Information provided>
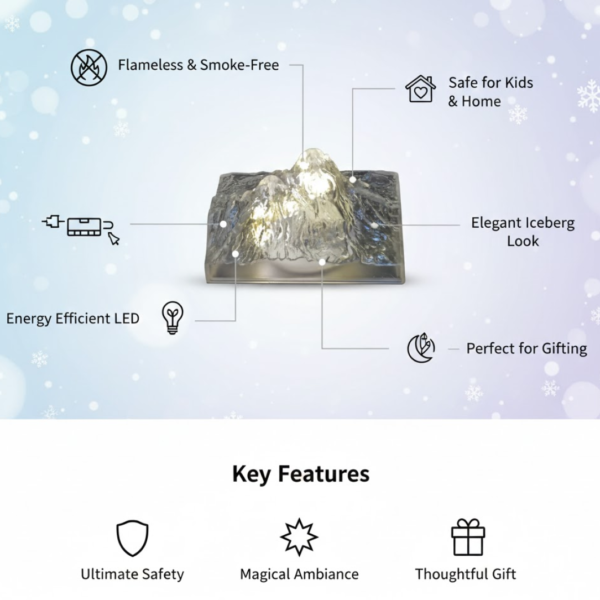 Unique Plastic Night Light: Flameless LED, Diwali (Iceberg Design, Gift)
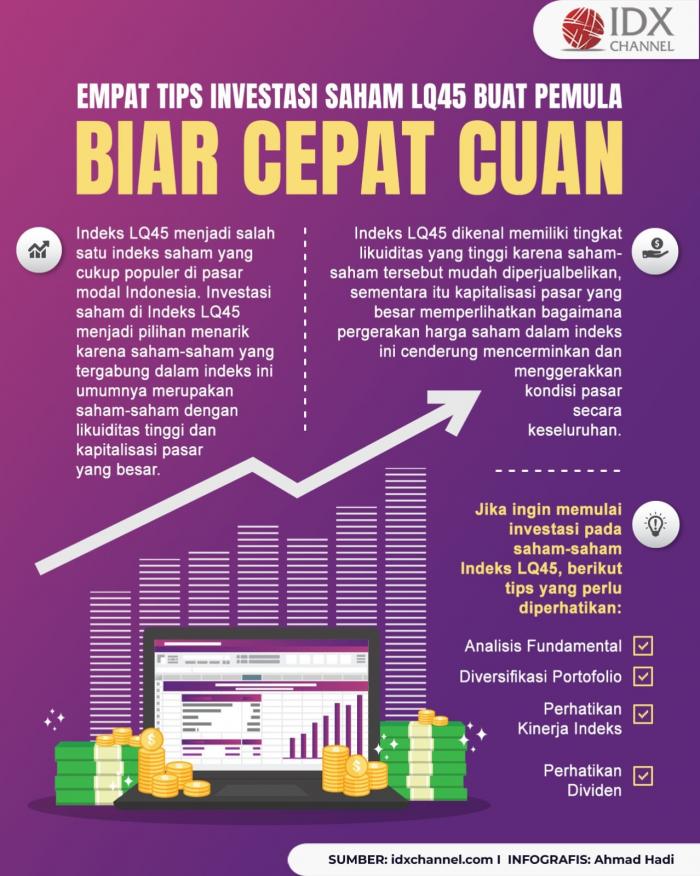Empat Tips Investasi Saham LQ45 Buat Pemula, Biar Cepat Cuan (Foto : Tim Digital Marketing IDX Channel)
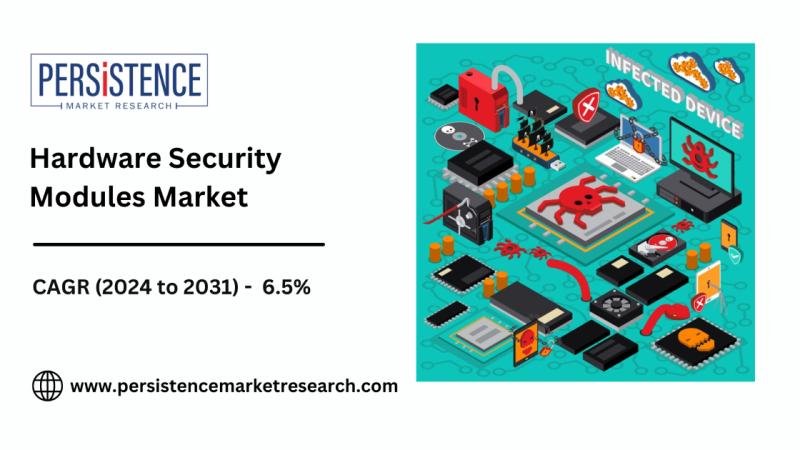 Hardware Security Modules Market Set to Reach $3.7B by 2031,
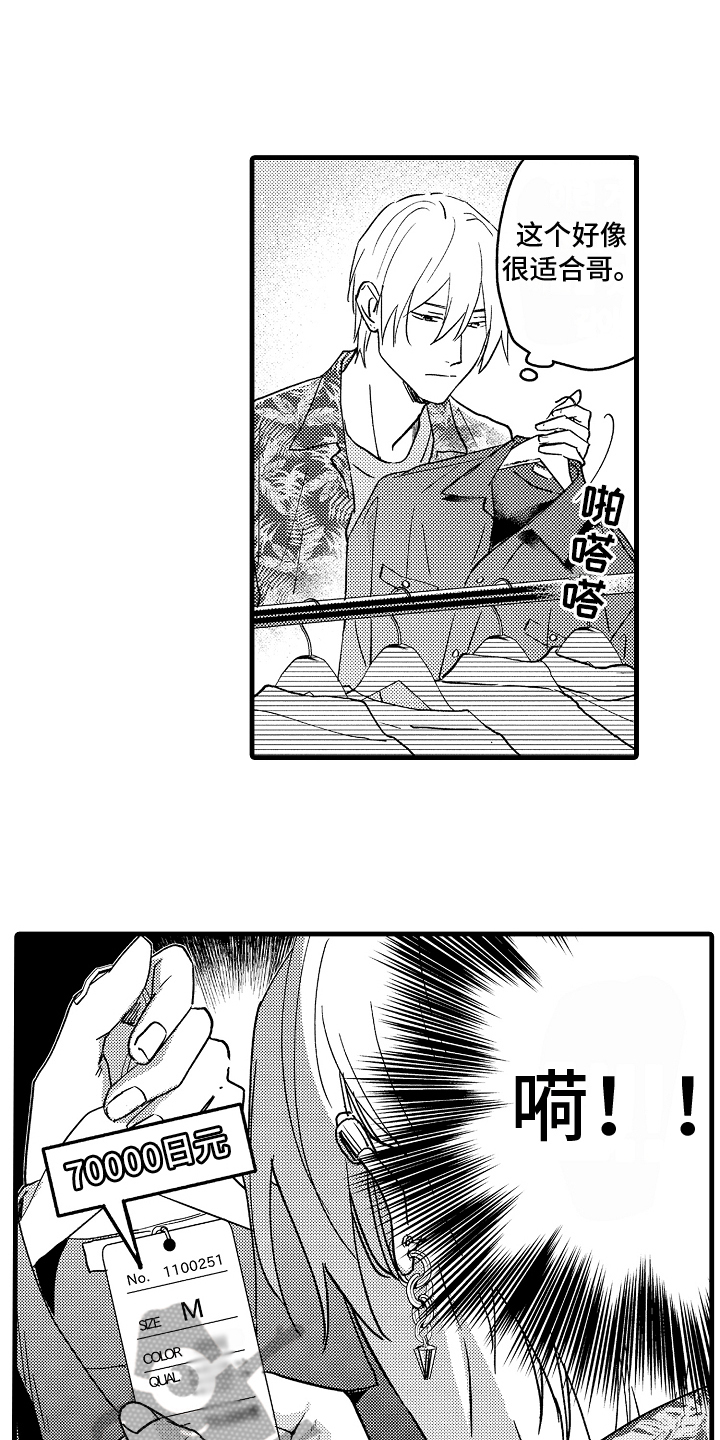 第7章：适合2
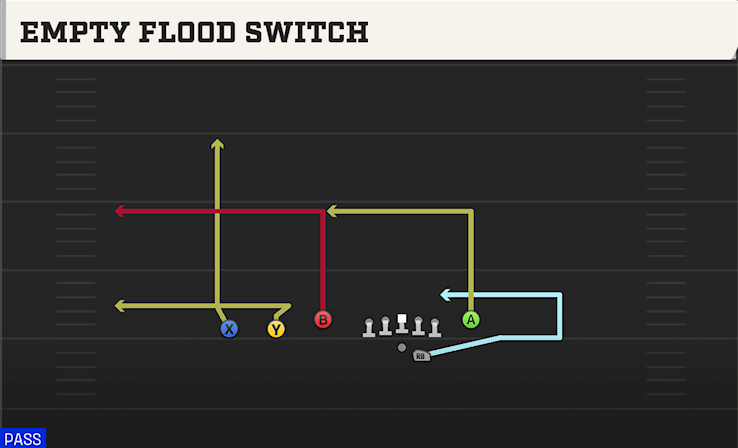 EMPTY FLOOD SWITCH play diagram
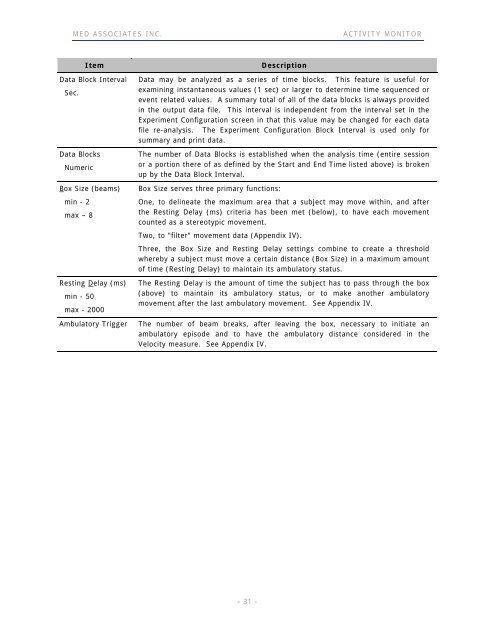 ACTIVITY MONITOR - Vanderbilt Kennedy Center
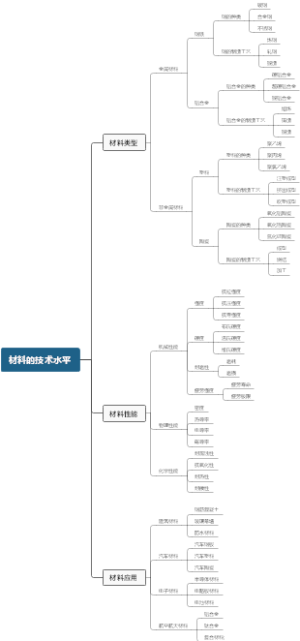 材料的技术水平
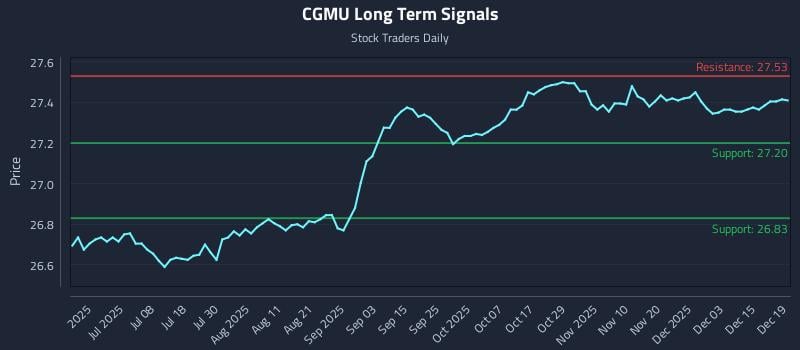 CGMU Long Term Analysis for December 19 2025 CGMU Long Term Analysis for December 19 2025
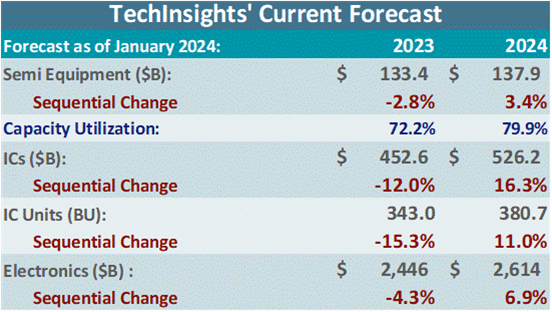 TechInsights' Current Forecast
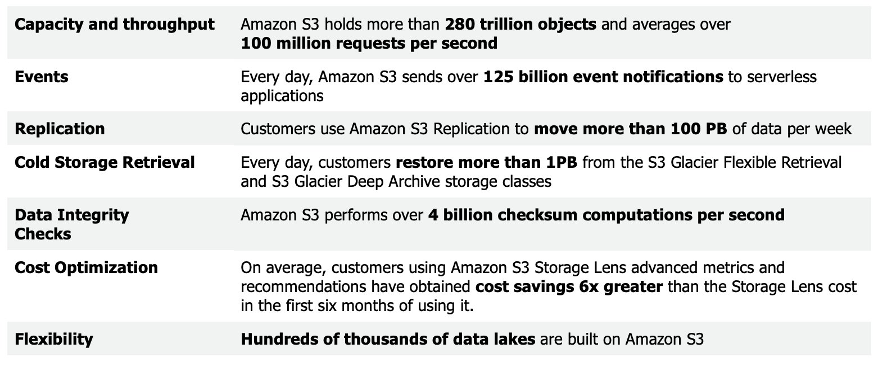 Werner's tweet card. Three distinct perspectives on scale that come along with building and operating a storage system the size of S3.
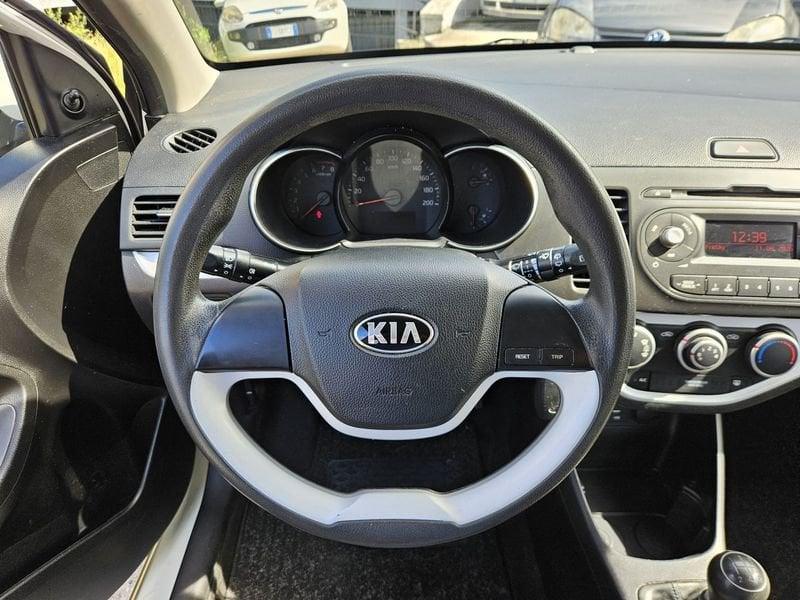 Kia Picanto Picanto 1.0 City Limited Gpl 5p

Work instructions> What must be output is the exact run of lines from the one holding "TechInsights' Current Forecast" through the end of the entries above, both ends included, minus the pictures.

Task response>
 TechInsights' Current Forecast
 Werner's tweet card. Three distinct perspectives on scale that come along with building and operating a storage system the size of S3.
 Kia Picanto Picanto 1.0 City Limited Gpl 5p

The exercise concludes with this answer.